Fin de la discusión. Y fin de cualquier esperanza de que se le permitiera ver al tío Catón con más frecuencia de lo que la decencia familiar aconsejaba. ¡Qué tipo tan maravilloso era el tío Catón! Un verdadero estoico, enamorado de las antiguas costumbres austeras de Roma, a quien le repugnaba el boato y la ostentación, rápido en criticar las pretensiones de grandeza de Pompeyo el Grande, otro advenedizo que, tristemente, carecía de los antepasados adecuados. Pompeyo, que había asesinado al padre de Bruto y había dejado viuda a su madre, había capacitado a un peso ligero como el enfermizo Silano para que se metiera en la cama con ella y engendrara dos niñas con la cabeza en forma de burbuja que Bruto llamaba hermanas a regañadientes… —¿En qué piensas, Bruto? —le preguntó Julia sonriente.
—Oh, en nada importante —le respondió él distraídamente.
—Eso es una evasiva. ¡Dime la verdad!
—Estaba pensando en la persona tan estupenda que es mi tío Catón.
Julia arrugó la amplia frente.
—¿Tu tío Catón?
—Tú no lo conoces porque todavía no es lo bastante mayor para estar en el Senado. En realidad está tan cerca de mi edad como de la de mi madre.
—¿Es aquel que no permitió que los tribunos de la plebe derribaran una columna que obstruía el paso dentro de la basílica Porcia?
—¡Ése es mi tío Catón! —exclamó Bruto con orgullo.
Julia se encogió de hombros.
—Mi padre dice que eso fue una estupidez por su parte. Si hubieran derribado la columna, los tribunos de la plebe habrían tenido una sede más cómoda.
—Tío Catón tenía razón. Catón el Censor puso allí la columna cuando construyó la primera basílica de Roma, y ése es el lugar que le corresponde de acuerdo con la
mos maiorum
. Catón el Censor permitió que los tribunos de la plebe utilizaran el edificio como sede porque comprendió la difícil situación en que se encontraban; porque ellos son magistrados elegidos únicamente por la plebe, no representan a todo el pueblo y no pueden utilizar un templo como sede. Pero no les regaló el edificio, sólo les permitió el uso de una parte de él. Entonces parecieron estar bastante agradecidos por ello. Ahora quieren cambiar la construcción que costeó Catón el Censor. El tío Catón no tolera la mutilación de un lugar tan señalado que lleva el nombre de su bisabuelo.
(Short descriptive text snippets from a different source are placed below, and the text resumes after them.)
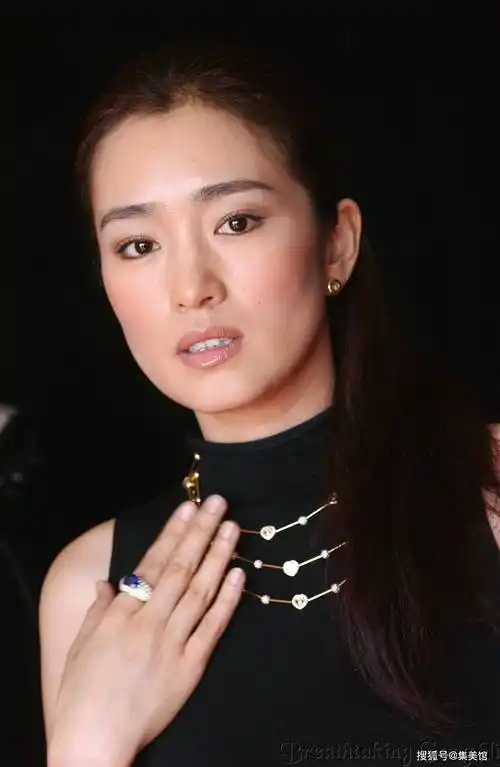 52岁巩俐,"巩皇"性感魅力无人能敌!_中国_表演_演技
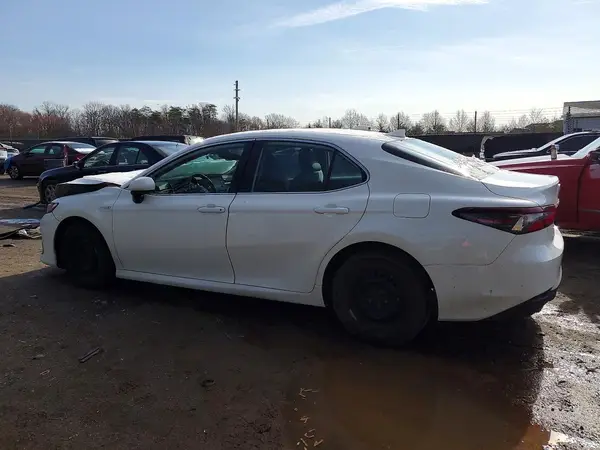 4T1C31AK6MU031919 2021 TOYOTA CAMRY - Image 2
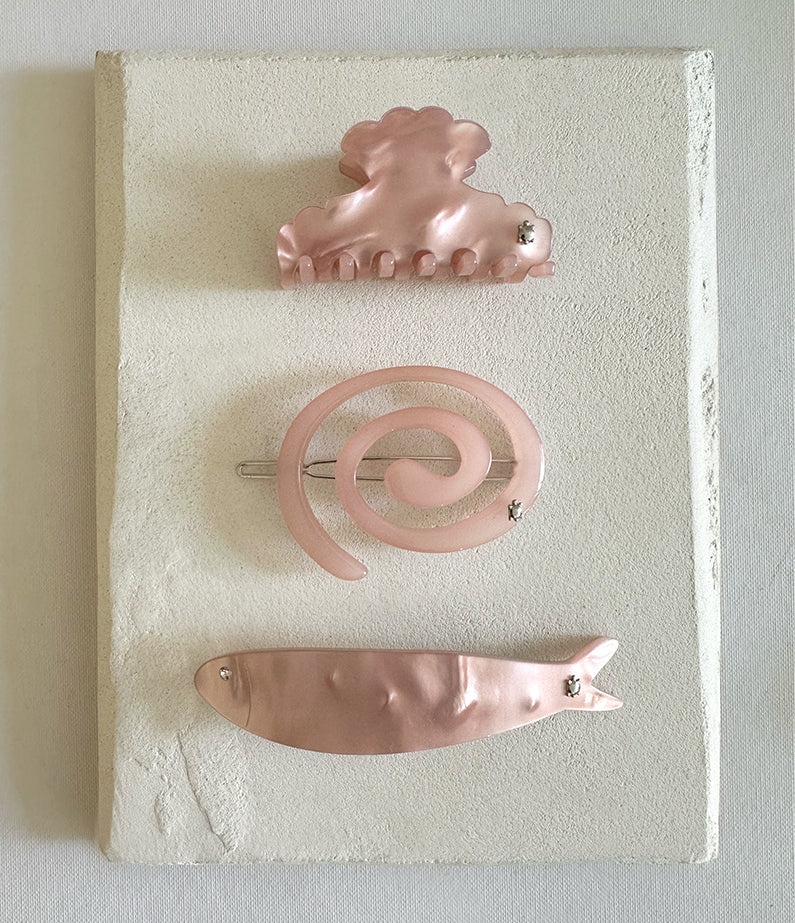 Turtle Story Herring Barrette - Pink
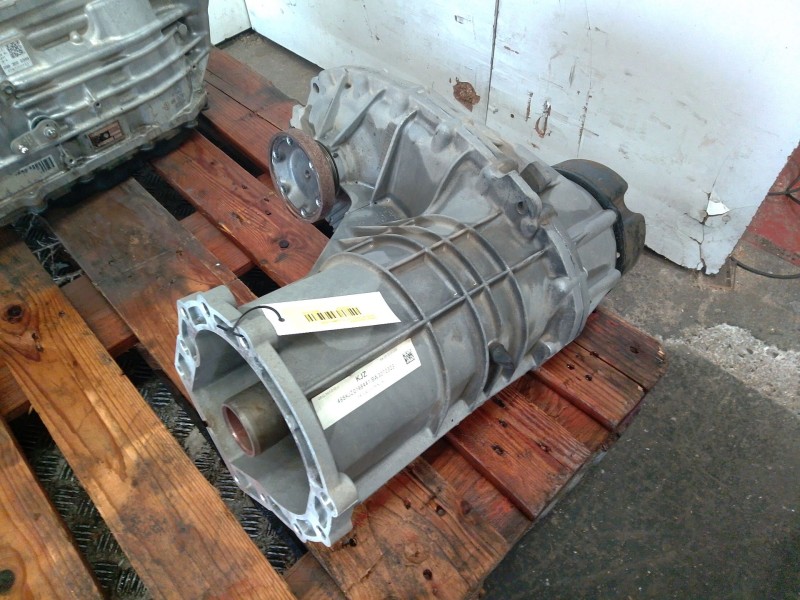 Recambio de caja transfer para audi q7 (4lb) 3.0 tdi quattro referencia OEM IAM 0AQ341010J  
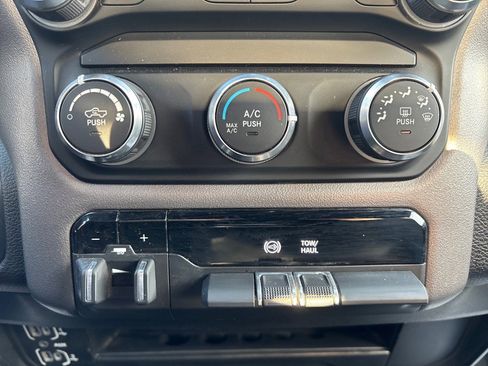 Used 2023 RAM 2500 Big Horn w/ Level 1 Equipment Group image 41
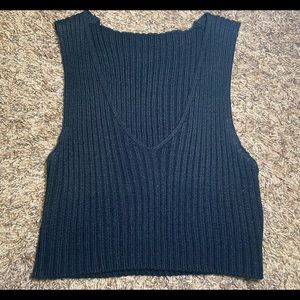 Black cropped tank top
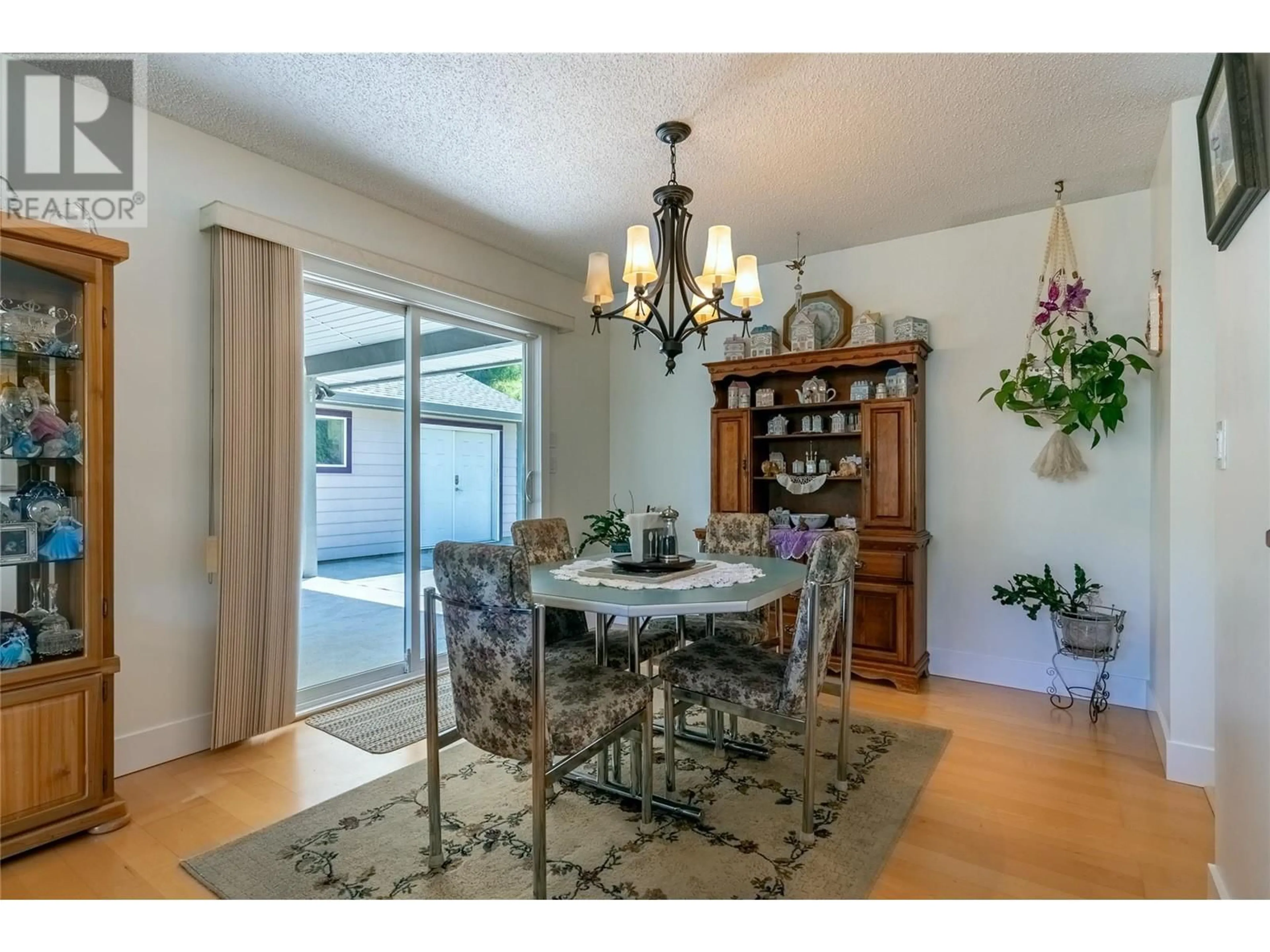Dining room, unknown for 5121 CRAWFORD PLACE, Kamloops British Columbia V2C5Z8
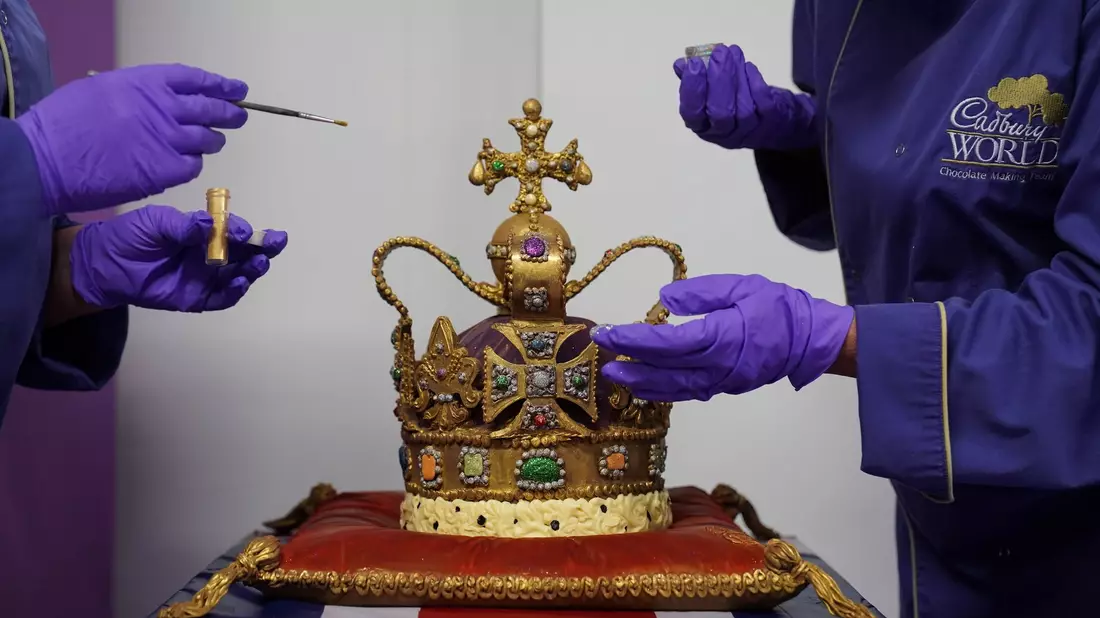 Zur Krönung von Charles III. gab es von Cadbury noch eine Schoko-Krone. (Archivbild) - Bild: Jacob King/PA Wire/dpa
Puesto que Julia era por naturaleza pacífica y no le gustaba discutir, volvió a sonreír, le puso una mano en el brazo a Bruto y le dio un cariñoso apretón. Bruto era un niño muy mimado, muy estirado y pagado de sí mismo; y a pesar de que lo conocía desde hacía bastante tiempo, sentía —aunque no sabía bien por qué— mucha pena por él. ¿Sería, quizás, porque la madre de Bruto era una persona tan… retorcida?
—Bueno, eso ocurrió antes de que mi tía Julia y mi madre murieran, así que yo diría que ya nadie derribará la columna —dijo ella.
—¿Esperáis que tu padre llegue pronto a casa? —le preguntó Bruto virando mentalmente hacia el matrimonio.